Sunday, September 27, 2009

Epigraphs for three unwritten novels

"[He] neglected invesitgating one of the walls as a result of a deduction to the effect that the door of a room in the upper storey of a house is rarely to be found in the same wall which contains the window."
Flann O'Brien, At Swim-Two Birds

SOLYONY (Entering drawing room from the reception room with CHERBUTYKIN): With one hand I can't lift more than fifty pounds, but with both hands it goes up to two hundred pounds. Which leads me to conclude that two men are not twice as strong as one, but three times strong, even stronger. . .
Chekhov, Three Sisters

"If we were all suddenly someone else."
Joyce, Hades chapter of Ulysses

Saturday, September 26, 2009

My companion at 90-minute mark: "When is this thing over?"

Went with the ten-year-old last night to see It Might Get Loud, the Inconvenient Truth guy's documentary about electric guitars. (No, I don't mean Al Gore. He must be, what, sixty years old.) Jimmy Page seems remarkably sane and benevolent for someone who was once strung out on smack, allegedly helped destroy numerous hotel rooms, hand-picked a former wrestler to run his label and rough guys up, and was deep enough into the devil to buy Aleister Crowley's old crib. Watching him play old 45s is kind of like hanging out with your newly-mellow Vietnam-vet uncle.

The Edge is the very serious fellow we suspected. Not many destroyed hotel rooms in this guy's past. The Christianity he burst onto the scene with has been transformed into a rather impressive, monk-like search for perfect guitar sounds. He is a parer-downer: plays an E chord with three strings. When Page launches into the blues, Edge gets the same skeptical-father-in-law look that McCain had when he debated Obama. One of the shortcomings of the film is its failure to address Edge's right-on dismissal of the era of the epic guitar solo, which the discovery of the Buzzcocks, Pistols, Clash, et al, emancipated him from, and which Page, on the other hand, was the godfather of. How the filmmakers failed to cash in on this brewing confrontation is hard to fathom. But no, they keep it friendly.

There are just too damn many stories jockeying for attention in this film.

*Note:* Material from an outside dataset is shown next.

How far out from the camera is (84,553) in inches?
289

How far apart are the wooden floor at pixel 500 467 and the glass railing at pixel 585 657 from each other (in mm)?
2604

Which brings us to Jack White. Dude should have a whole movie to himself. He brings the same genius for conceptualization to this film that he brings to the Stripes. Opening shots of him building a guitar from a 2 x 4, a Coke bottle, some twine, and the most bare-boned pick-up imaginable, while a pasture full of Herfords looks on, is the highpoint of the film--and, I feel sure, was White's idea, not the director's. As was, no doubt, the recruitment of the child in the Panama hat to act as a sort of mini-White. Watching the two of them driving dream-like through empty landscapes gives us a glimpse of a never-made, better film.

Friday, September 11, 2009

Dream of the month

So, a little confused as to what I'm even doing here (as one often is in a dream), I suit up and run onto the practice field. Whole team is out there, running drills, loosening up, all that jazz. Coach looks me over and says, "You ever played football?"

"No," I tell him, "but I've played hot dog."

"Hot dog?! What the hell is that?"

"Well, it's almost the same as football. Same rules, same helmet and pads. But instead of a football you play with a hot dog."

Best reason yet to drink whisky

If you thought Wes Anderson's Amex spot was impressive, check out this Johnny Walker ad. Joins Touch of Evil and Goodfellas in the single-take hall of fame.

Wednesday, September 2, 2009

The End of History

Some of my many, many readers may have noticed that the link to the left called "the history of water" is no longer working. My only explanation is that, before I discovered it, the site actually had no visitors and I single-handedly brought down their server.